Professor Ruth Keogh
BSc MSc DPhil
Professor
of Biostatistics & Epidemiology
LSHTM
Keppel Street
London
WC1E 7HT
United Kingdom
I joined the Medical Statistics Department at LSHTM in 2012. I studied Mathematics and Statistics at the University of Edinburgh, an MSc in Applied Statistics at the University of Oxford, and a DPhil in Medical Statistics/Epidemiology also in Oxford.
Affiliations
Teaching
I teach on the MSc in Medical Statistics. This includes organising a module on Survival Analysis, and also teaching modules on Generalized Linear Models and Advanced Research Methods. I also on the MSc in Health Data Science.

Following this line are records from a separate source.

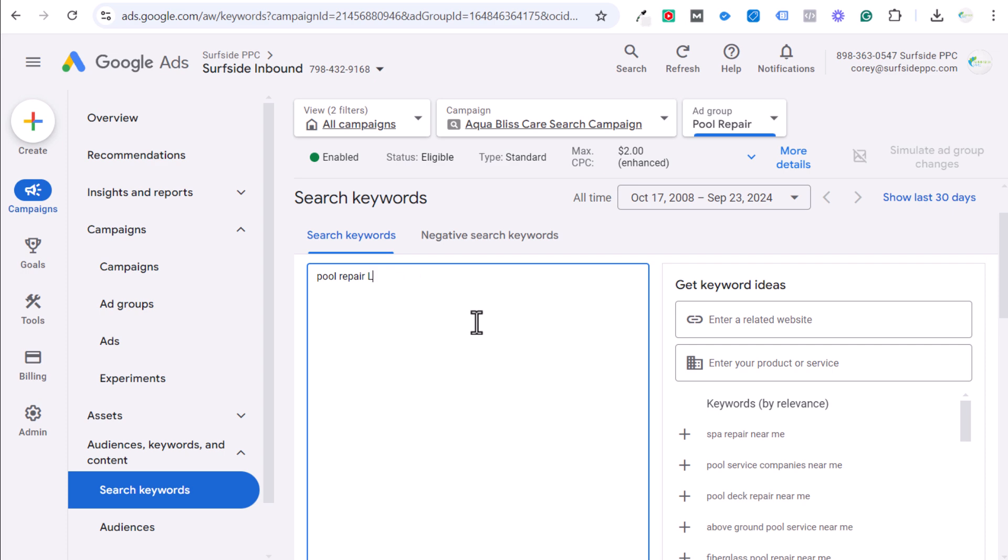Now, the other difference is going to be your match type. So if you are targeting a keyword like pool repair, since it does get a lot of searches, you could target the exact match version of this keyword. The biggest difference with that is Google is going to say, okay,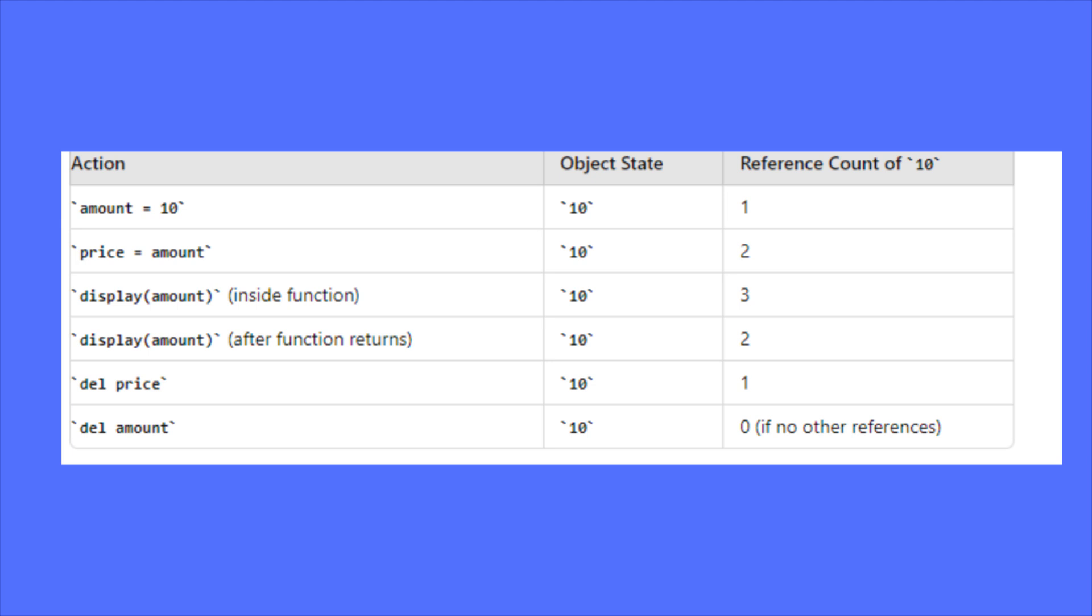So in conclusion, variables are the reference to the memory address. So that's all about today's video. Thank you for watching and see you in the next video.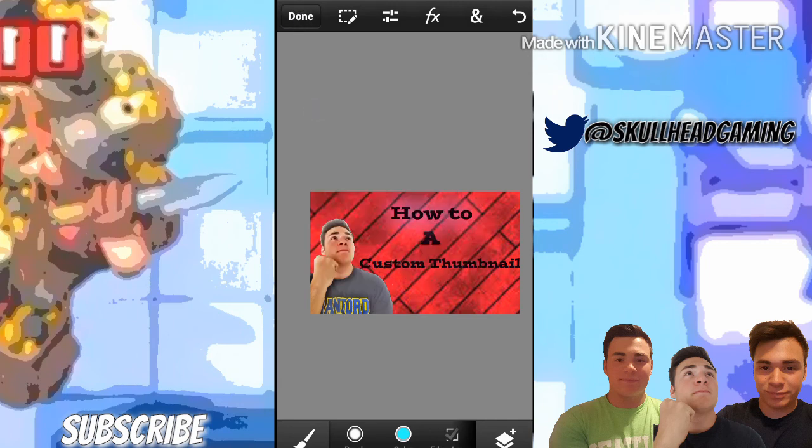Hope you guys enjoyed this video — like it if this actually helped you. I'm going to leave a link down below to get PS Touch in case you don't have it already or don't know how to get it on your device. I'll see you guys on the next one.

I enjoy supervising and advising a number of PhD students and act as the Research Degrees Coordinator for the Department of Medical Statistics.
Research
My research is funded by a UK Research and Innovation (UKRI) Future Leaders Fellowship on the topic of Evaluating effects of complex treatments in chronic disease using large observational datasets.

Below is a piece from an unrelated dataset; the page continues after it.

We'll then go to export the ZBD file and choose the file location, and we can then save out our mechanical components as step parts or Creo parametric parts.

The aim of my research programme is to apply and develop statistical causal inference methods for answering questions about the effects of treatments on health outcomes using observational data. I am especially interested on an approach based on mimicking a sequence of “hypothetical trials” within longitudinal data.

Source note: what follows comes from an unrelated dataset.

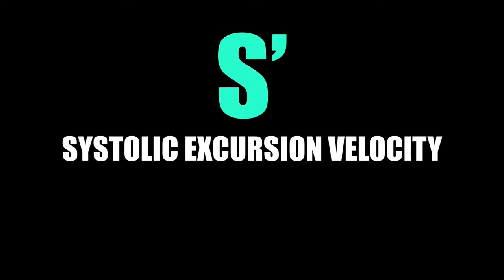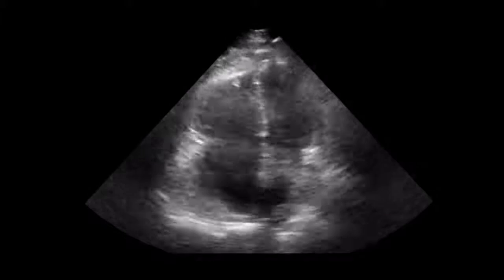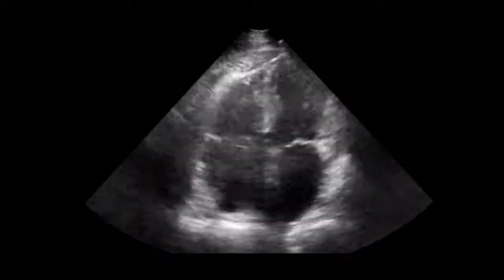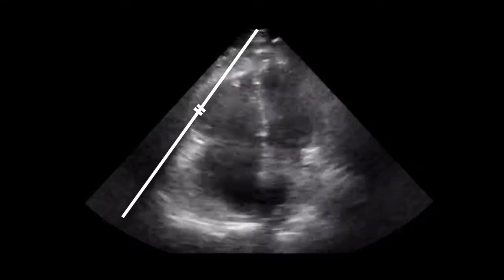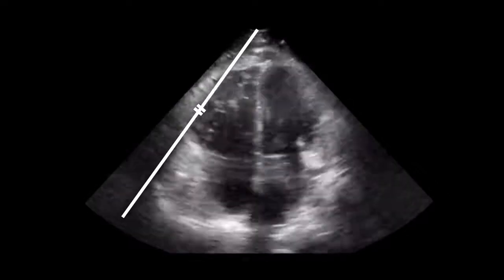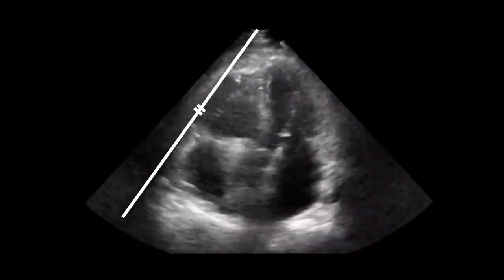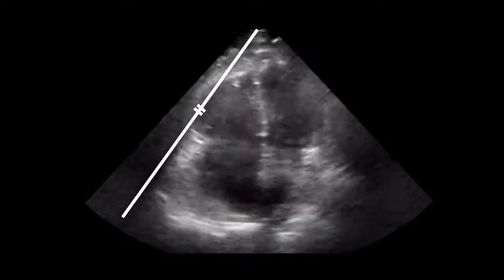Systolic excursion velocity, or S prime, is very similar. You're going to be doing this in the same area as you do TAPSE, but you are going to be using pulsed wave Doppler instead of M-mode. You want your gate a little bit more apical than what you do with TAPSE — TAPSE is basically right on the tricuspid annulus, but you want this to be a little bit closer to the apex.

I am using these methods to tackle crucial questions about treatment effects in cystic fibrosis (CF) using data from the UK Cystic Fibrosis Registry. This includes investigations of the impact of new precision medicines on long term outcomes, and of the impact of different treatment combinations.
I am also involved in Covid-19 research, including to understand the trajectories of patients hospitalised with Covid-19 and to evaluate the effectiveness of different treatment strategies.
My research interests also include:- Methods for the analysis of survival or time-to-event data in general.
- Methods for dynamic prediction of survival using large patient databases using landmarking, including using machine learning approaches.
- Use of multiple imputation to handle missing data in case-control studies and time-to-event studies.
- Methods for correcting for the effects of exposure measurement error.